1.1. Applicable Expense Limit. Except as otherwise specified on
Schedule A hereto, to the extent that the ordinary operating expenses
incurred by a class of the Fund in any fiscal year, including but not limited to
investment management fees payable to the Investment Manager, but excluding
interest, taxes, brokerage commissions, other investment-related costs,
extraordinary expenses such as litigation, other expenses not incurred in the
ordinary course of the Fund's business, and expenses of any counsel or other
persons or services retained by the Trust's trustees who are not "interested
persons," as that term is defined in the 1940 Act, of the Investment Manager
("Fund Operating Expenses"), exceed the Operating Expense Limit, as defined in
Section 1.2 below, such excess amount (the "Excess Amount") shall be the
liability of the Investment Manager.
1.2. Operating Expense Limit. The maximum Operating Expense Limit in
any fiscal year with respect to each class of each Fund shall be the amount
specified in Schedule A based on a percentage of the average daily net assets of
such class of the Fund.
1.3. Method of Computation. To determine the Investment Manager's
obligation with respect to the Excess Amount, each day the Fund Operating
Expenses for each class of a Fund shall be annualized. If the annualized Fund
Operating Expenses for any day of a class of a Fund exceed the Operating Expense
Limit for that class, the Investment Manager shall remit to the appropriate
class of the Fund an amount that, together with the waived or reduced investment
management fee, is sufficient to pay that day's Excess Amount. Any such amounts
remitted to a Fund shall be allocated among the classes of the Fund in
accordance with the terms of the Fund's Multiple Class Plan pursuant to Rule
18f-3 under the 1940 Act. The Trust may offset amounts owed to a Fund pursuant
to this Agreement against the advisory fee payable to the Investment Manager.
1.4. Year-End Adjustment. If necessary, on or before the last day of
the first month of each fiscal year, an adjustment payment shall be made by the
appropriate party in order that the amount of the investment management fees
waived or reduced and other payments remitted by the Investment Manager to each
class of a Fund with respect to the previous fiscal year shall equal the Excess
Amount.
2. Recoupment of Fee Waivers and Expense Reimbursements.
2.1. Recoupment. If on any day during which the Management Agreement
with respect to a Fund is in effect, the estimated annualized Fund Operating
Expenses of a class of such Fund for that day are less than the Operating
Expense Limit, the Investment Manager shall be entitled to recoup from such
class of the Fund the investment management fees waived or reduced and other
payments remitted by the Investment Manager to such class of the Fund pursuant
to Section 1 hereof (the "Recoupment Amount") during any of the previous
thirty-six (36) months, to the extent that such class' annualized Operating
Expenses plus the amount recouped equals, for such day, the Operating Expense
Limit provided in Schedule A, provided that such amount paid to the Investment
Manager will in no event exceed the total Recoupment Amount and will not include
any amounts previously recouped. Any such amounts recouped from a class of a
Fund shall be recouped in accordance with the principles of the Fund's Multiple
Class Plan pursuant to Rule 18f-3 under the 1940 Act.

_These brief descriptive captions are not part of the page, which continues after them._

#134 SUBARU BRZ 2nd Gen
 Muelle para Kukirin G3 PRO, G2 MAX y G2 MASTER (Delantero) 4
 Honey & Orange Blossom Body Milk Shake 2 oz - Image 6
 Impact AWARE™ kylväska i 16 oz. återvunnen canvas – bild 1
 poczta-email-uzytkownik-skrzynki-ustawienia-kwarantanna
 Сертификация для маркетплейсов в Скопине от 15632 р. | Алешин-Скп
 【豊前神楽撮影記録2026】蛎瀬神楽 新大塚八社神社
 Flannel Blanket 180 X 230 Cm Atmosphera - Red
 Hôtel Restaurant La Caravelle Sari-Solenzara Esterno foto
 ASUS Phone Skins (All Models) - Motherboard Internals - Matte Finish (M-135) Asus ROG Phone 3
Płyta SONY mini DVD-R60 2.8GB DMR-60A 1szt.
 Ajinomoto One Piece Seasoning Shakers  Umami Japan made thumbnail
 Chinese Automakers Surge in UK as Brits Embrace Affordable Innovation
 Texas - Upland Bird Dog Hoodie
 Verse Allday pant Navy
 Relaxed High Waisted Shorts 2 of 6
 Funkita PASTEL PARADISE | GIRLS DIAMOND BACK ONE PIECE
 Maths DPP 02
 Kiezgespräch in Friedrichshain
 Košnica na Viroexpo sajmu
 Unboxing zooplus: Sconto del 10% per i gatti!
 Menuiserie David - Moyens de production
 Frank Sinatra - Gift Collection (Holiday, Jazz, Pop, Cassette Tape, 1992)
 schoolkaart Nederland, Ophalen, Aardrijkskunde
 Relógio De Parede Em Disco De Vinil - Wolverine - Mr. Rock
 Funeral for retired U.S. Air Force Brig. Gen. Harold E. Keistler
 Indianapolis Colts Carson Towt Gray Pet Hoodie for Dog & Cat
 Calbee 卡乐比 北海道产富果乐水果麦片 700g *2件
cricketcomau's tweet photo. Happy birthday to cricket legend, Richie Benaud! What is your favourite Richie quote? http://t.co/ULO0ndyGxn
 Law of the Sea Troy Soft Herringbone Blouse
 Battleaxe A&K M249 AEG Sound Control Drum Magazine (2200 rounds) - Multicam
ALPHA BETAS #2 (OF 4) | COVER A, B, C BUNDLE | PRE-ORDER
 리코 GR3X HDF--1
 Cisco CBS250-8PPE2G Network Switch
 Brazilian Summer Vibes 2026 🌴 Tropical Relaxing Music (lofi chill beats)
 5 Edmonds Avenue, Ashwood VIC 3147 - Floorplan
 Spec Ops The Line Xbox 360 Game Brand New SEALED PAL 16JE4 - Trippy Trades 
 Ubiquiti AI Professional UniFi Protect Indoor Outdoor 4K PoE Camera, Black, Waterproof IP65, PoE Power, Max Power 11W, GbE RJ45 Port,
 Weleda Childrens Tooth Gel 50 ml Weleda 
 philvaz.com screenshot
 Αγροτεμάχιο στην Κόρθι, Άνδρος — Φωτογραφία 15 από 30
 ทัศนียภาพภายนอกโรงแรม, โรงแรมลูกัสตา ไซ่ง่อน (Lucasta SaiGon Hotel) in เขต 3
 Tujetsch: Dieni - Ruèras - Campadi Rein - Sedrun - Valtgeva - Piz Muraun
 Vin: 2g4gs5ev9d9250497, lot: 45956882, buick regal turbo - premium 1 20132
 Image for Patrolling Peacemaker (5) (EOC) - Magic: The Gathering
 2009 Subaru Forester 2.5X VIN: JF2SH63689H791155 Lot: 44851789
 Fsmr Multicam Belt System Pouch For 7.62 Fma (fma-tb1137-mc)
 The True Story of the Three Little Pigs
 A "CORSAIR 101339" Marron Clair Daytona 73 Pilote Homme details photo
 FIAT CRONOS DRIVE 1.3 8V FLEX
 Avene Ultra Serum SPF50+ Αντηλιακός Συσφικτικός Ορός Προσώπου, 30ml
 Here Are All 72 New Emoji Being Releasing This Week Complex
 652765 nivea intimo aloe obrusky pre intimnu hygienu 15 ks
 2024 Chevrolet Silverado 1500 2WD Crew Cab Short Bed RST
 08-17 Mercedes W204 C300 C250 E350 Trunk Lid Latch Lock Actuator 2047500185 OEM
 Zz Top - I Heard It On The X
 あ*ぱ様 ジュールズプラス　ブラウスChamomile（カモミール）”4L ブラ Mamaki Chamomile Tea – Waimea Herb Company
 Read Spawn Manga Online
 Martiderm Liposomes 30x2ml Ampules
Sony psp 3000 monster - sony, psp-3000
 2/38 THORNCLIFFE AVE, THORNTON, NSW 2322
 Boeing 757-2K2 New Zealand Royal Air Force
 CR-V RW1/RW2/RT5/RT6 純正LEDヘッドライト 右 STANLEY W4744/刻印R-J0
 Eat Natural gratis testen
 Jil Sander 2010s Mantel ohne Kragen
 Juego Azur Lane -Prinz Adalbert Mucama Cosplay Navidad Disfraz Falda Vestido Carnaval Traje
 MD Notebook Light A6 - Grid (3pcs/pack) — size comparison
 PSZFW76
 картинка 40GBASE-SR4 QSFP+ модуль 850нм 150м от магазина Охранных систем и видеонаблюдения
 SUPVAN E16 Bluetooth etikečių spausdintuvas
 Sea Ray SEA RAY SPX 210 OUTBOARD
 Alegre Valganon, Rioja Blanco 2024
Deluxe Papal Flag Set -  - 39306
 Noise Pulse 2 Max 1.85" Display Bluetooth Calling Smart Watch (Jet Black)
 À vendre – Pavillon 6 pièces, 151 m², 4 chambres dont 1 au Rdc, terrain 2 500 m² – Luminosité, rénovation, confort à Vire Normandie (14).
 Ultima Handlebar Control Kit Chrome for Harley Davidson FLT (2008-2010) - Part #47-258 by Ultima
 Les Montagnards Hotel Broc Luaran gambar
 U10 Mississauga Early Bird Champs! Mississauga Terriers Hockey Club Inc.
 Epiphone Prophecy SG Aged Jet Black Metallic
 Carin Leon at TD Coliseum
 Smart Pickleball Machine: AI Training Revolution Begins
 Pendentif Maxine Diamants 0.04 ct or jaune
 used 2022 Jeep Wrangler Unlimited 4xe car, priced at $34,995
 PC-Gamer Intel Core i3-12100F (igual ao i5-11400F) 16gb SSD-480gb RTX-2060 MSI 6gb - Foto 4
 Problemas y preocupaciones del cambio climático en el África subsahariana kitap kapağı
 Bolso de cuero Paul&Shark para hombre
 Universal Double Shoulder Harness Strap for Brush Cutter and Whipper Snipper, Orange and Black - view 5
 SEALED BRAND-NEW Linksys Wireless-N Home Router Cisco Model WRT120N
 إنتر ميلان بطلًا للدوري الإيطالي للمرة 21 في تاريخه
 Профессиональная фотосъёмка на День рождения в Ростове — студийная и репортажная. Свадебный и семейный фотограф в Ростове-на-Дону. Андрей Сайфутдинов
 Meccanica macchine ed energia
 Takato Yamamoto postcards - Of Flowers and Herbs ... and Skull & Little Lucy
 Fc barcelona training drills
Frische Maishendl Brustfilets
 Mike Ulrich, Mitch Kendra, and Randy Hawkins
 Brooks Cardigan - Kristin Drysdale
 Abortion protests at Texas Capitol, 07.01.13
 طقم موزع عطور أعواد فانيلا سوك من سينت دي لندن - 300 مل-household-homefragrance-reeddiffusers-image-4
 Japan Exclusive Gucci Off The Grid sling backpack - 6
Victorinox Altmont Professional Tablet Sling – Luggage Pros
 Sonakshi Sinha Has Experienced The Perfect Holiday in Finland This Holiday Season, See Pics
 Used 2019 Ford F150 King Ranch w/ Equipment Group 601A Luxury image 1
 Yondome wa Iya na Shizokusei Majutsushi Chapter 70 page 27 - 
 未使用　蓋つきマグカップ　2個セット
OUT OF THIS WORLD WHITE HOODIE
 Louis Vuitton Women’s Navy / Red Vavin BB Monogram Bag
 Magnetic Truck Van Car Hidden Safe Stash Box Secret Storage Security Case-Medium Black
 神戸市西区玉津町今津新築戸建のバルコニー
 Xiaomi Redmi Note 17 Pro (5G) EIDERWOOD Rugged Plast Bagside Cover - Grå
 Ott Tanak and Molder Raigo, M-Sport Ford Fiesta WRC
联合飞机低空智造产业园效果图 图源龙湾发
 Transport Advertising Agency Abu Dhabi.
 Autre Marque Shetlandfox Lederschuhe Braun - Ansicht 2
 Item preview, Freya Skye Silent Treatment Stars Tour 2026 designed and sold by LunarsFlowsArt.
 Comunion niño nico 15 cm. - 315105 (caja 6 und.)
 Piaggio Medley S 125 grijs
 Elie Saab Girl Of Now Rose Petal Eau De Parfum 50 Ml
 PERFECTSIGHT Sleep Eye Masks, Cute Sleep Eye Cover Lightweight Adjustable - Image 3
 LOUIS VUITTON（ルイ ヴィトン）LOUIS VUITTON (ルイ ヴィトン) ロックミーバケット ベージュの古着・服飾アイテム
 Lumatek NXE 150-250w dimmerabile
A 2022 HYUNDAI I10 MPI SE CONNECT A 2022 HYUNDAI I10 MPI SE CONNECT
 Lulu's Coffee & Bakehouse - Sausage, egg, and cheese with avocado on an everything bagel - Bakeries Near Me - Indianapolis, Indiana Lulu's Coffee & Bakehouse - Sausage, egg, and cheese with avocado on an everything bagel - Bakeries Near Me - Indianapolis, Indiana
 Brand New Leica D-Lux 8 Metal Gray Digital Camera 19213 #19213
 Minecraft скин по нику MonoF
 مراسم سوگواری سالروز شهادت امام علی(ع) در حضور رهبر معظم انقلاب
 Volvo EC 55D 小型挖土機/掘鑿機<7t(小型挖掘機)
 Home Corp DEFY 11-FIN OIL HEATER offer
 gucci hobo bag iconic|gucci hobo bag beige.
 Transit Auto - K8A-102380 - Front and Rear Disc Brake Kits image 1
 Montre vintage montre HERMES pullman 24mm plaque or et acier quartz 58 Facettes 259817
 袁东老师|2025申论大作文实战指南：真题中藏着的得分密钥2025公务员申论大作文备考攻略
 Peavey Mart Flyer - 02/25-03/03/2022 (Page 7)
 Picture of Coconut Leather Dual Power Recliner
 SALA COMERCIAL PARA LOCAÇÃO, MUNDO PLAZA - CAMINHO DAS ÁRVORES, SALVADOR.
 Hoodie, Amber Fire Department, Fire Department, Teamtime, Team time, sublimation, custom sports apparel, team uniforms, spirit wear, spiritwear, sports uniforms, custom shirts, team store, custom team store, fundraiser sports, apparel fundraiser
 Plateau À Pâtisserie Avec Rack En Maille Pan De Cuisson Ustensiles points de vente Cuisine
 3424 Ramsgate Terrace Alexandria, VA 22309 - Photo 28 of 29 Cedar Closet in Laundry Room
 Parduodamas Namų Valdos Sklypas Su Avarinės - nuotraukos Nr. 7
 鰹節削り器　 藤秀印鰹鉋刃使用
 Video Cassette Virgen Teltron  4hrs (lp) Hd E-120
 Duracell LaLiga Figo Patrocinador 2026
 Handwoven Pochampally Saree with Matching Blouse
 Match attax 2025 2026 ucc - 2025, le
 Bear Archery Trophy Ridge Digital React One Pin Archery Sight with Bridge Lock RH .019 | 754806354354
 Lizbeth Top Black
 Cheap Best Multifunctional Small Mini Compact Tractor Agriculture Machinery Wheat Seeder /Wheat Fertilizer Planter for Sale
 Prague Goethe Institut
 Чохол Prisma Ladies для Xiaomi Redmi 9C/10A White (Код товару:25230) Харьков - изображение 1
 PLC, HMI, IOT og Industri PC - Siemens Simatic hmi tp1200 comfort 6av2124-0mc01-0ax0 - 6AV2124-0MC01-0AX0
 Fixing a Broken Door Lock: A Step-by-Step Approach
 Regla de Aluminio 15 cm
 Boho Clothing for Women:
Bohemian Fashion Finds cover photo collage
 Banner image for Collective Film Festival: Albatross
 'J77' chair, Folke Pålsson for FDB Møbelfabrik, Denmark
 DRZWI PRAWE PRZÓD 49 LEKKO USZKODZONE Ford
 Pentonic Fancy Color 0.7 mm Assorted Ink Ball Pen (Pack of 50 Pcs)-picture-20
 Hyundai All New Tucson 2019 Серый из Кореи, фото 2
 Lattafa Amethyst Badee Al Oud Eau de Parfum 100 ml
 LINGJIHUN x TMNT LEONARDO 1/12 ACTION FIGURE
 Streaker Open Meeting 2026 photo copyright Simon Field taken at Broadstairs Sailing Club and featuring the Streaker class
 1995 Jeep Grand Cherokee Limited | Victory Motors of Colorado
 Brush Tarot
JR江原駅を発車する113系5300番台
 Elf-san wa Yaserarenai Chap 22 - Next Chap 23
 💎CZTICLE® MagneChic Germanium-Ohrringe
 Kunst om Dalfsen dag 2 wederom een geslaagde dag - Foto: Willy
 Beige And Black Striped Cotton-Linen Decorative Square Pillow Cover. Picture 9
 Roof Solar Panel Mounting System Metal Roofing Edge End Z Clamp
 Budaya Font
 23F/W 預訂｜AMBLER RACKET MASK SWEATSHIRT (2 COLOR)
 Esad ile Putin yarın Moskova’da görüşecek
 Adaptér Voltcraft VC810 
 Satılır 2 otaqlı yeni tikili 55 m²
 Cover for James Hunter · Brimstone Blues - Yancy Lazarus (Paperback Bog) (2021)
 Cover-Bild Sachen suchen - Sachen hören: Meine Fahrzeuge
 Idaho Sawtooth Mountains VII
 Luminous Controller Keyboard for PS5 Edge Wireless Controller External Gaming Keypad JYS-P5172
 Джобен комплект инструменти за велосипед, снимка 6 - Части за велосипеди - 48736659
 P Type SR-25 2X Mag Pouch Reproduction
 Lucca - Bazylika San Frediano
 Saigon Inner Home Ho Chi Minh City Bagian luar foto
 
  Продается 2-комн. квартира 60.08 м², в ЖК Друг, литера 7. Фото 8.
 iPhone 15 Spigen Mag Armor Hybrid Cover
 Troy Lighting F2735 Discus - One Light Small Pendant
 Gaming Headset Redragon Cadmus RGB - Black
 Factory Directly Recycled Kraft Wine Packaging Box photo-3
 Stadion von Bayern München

2.2. Year-End Adjustment. If necessary, on or before the last day of
the first month of each fiscal year, an adjustment payment shall be made by the
appropriate party in order that the actual Fund Operating Expenses of each class
of a Fund for the prior fiscal year (including any recoupment payments hereunder
with respect to such fiscal year) do not exceed the Operating Expense Limit.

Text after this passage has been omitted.